*WHAT NEEDS TO BE DONE*. Write out the listing exactly, dropping any picture it contains.

*TASK DATA*.
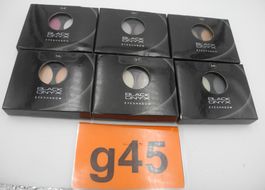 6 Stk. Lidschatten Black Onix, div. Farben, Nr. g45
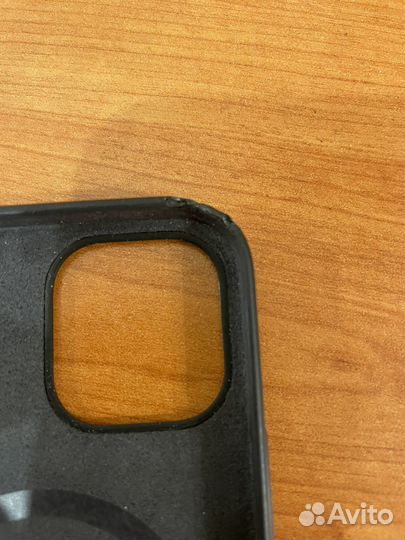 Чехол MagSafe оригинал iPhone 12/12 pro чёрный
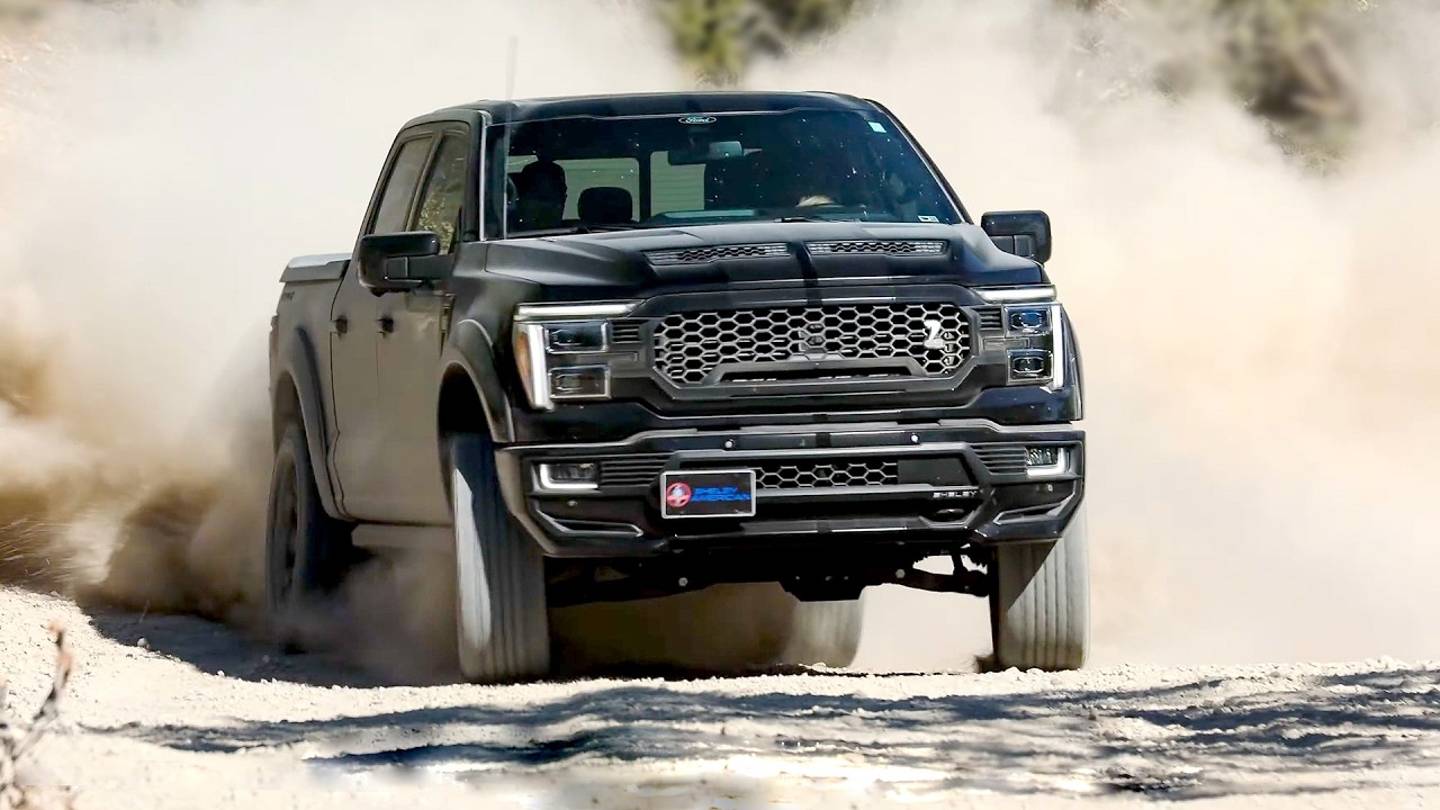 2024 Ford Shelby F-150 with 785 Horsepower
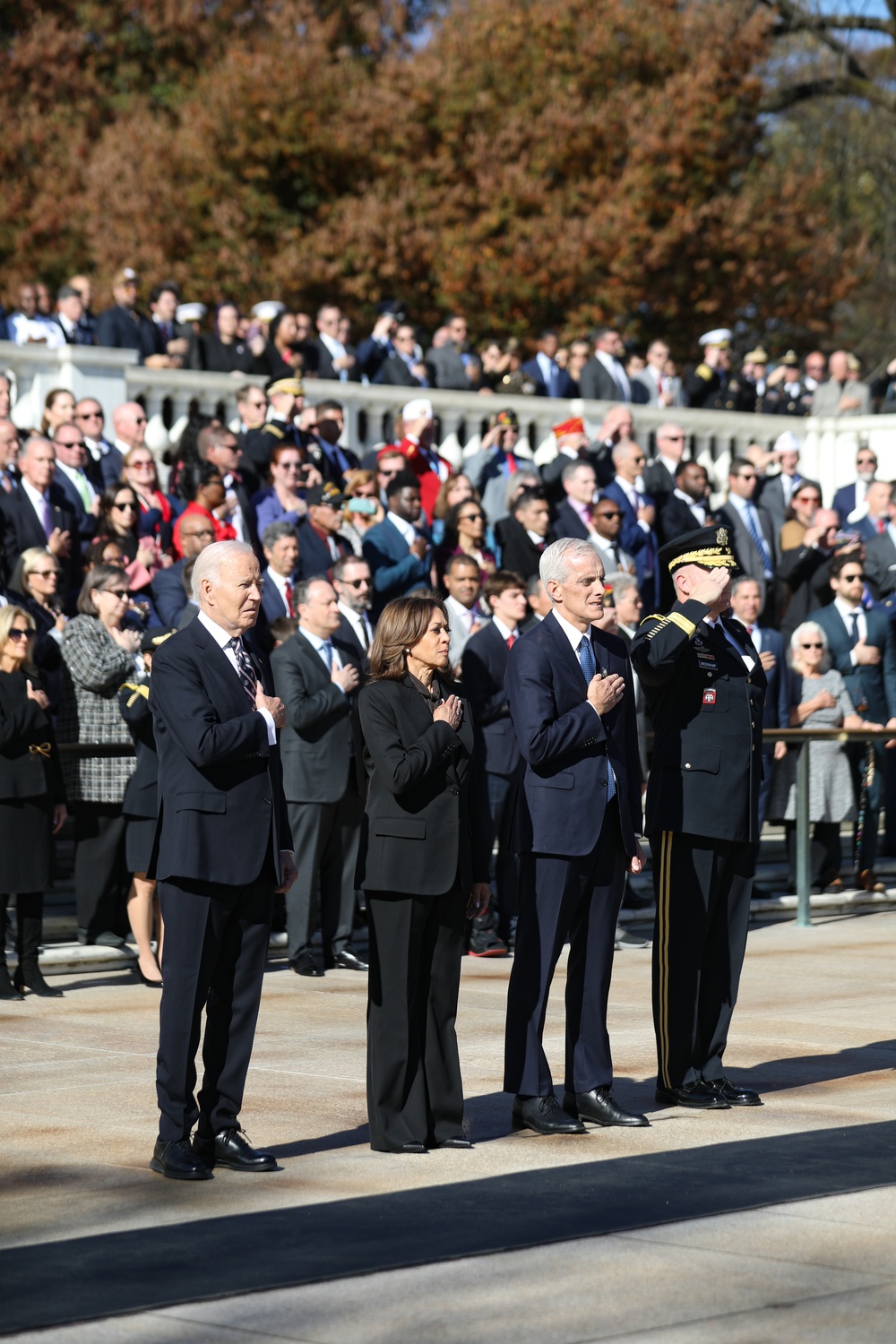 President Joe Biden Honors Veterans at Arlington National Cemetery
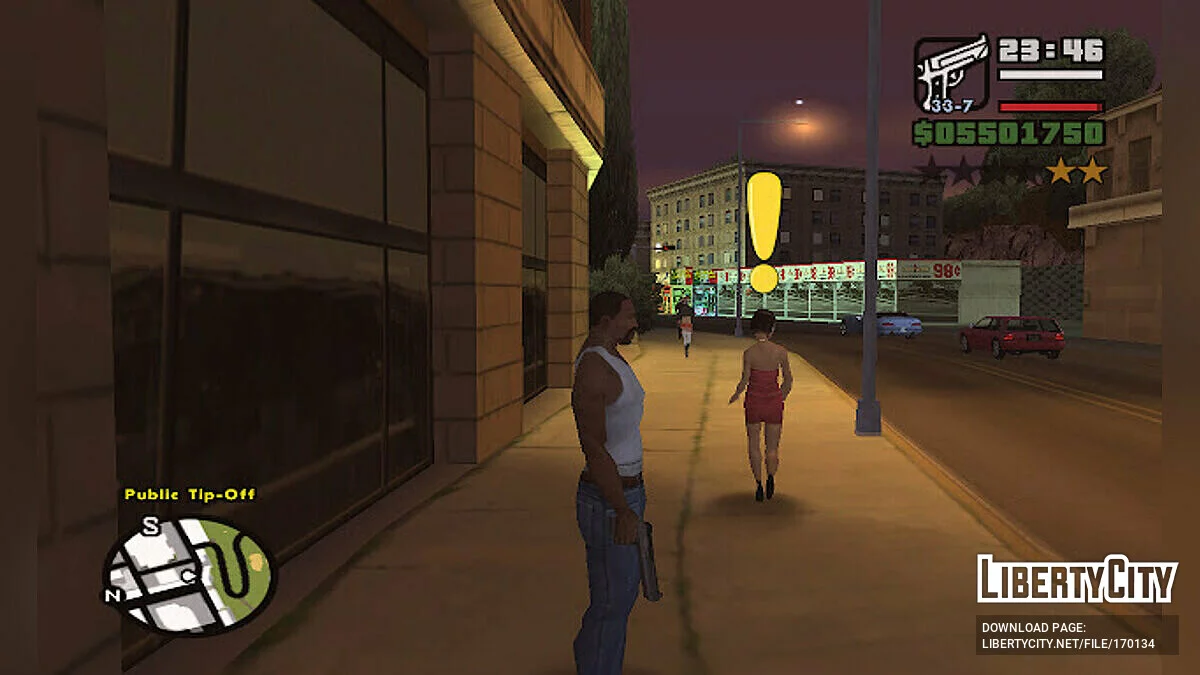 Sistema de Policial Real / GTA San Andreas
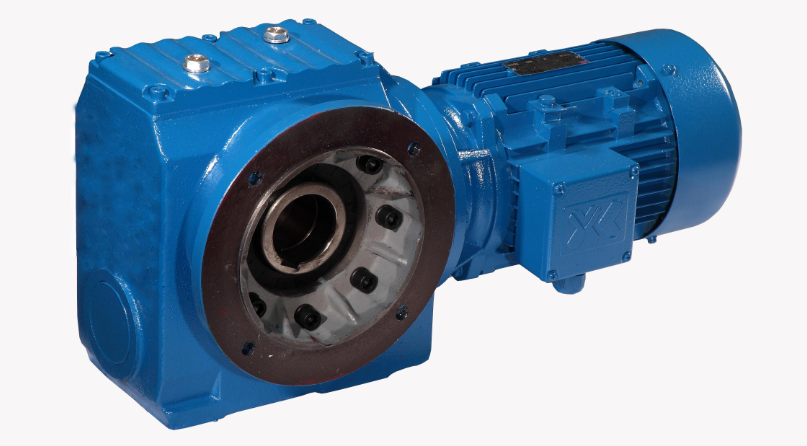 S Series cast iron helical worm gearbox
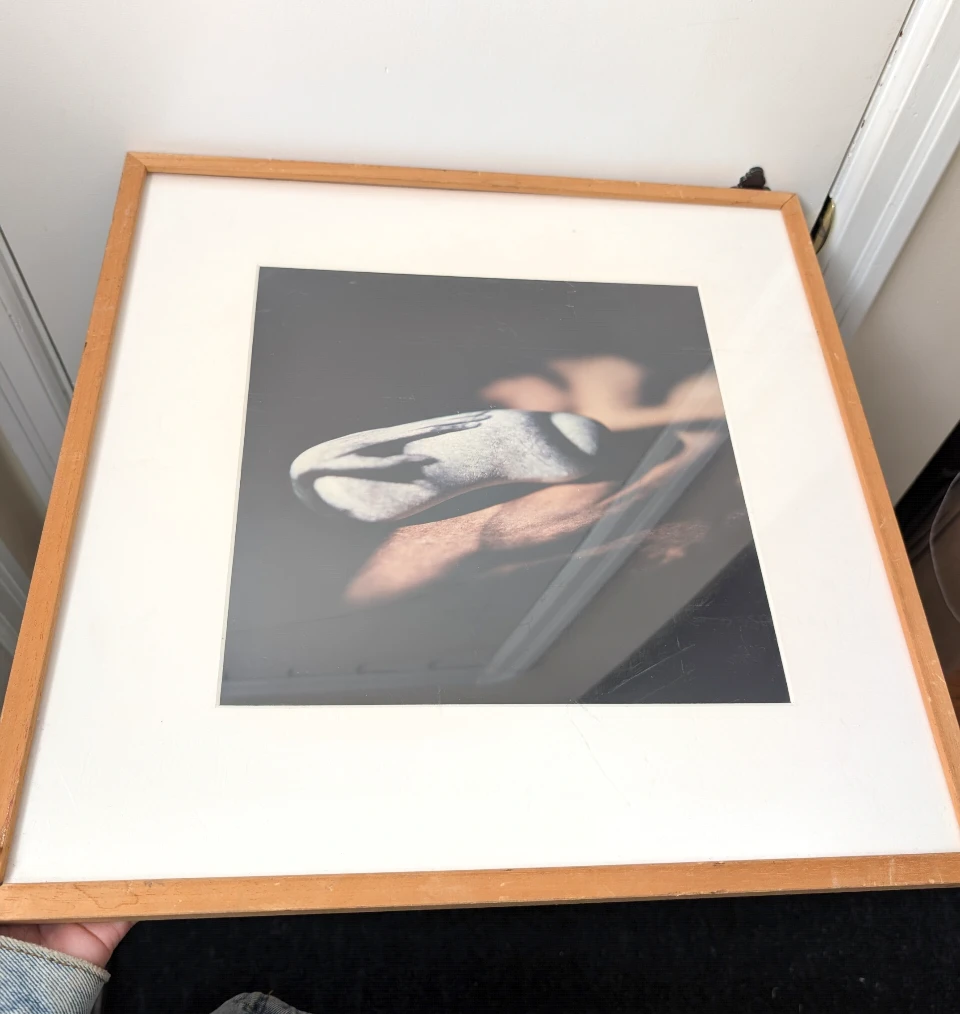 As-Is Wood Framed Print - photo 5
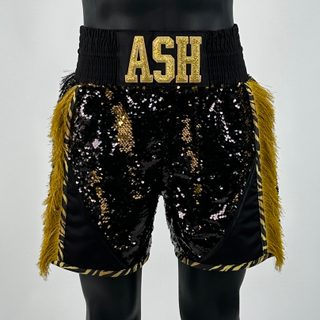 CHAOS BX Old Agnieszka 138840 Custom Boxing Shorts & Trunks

*RESPONSE*.
 6 Stk. Lidschatten Black Onix, div. Farben, Nr. g45
 Чехол MagSafe оригинал iPhone 12/12 pro чёрный
 2024 Ford Shelby F-150 with 785 Horsepower
 President Joe Biden Honors Veterans at Arlington National Cemetery
 Sistema de Policial Real / GTA San Andreas
 S Series cast iron helical worm gearbox
 As-Is Wood Framed Print - photo 5
 CHAOS BX Old Agnieszka 138840 Custom Boxing Shorts & Trunks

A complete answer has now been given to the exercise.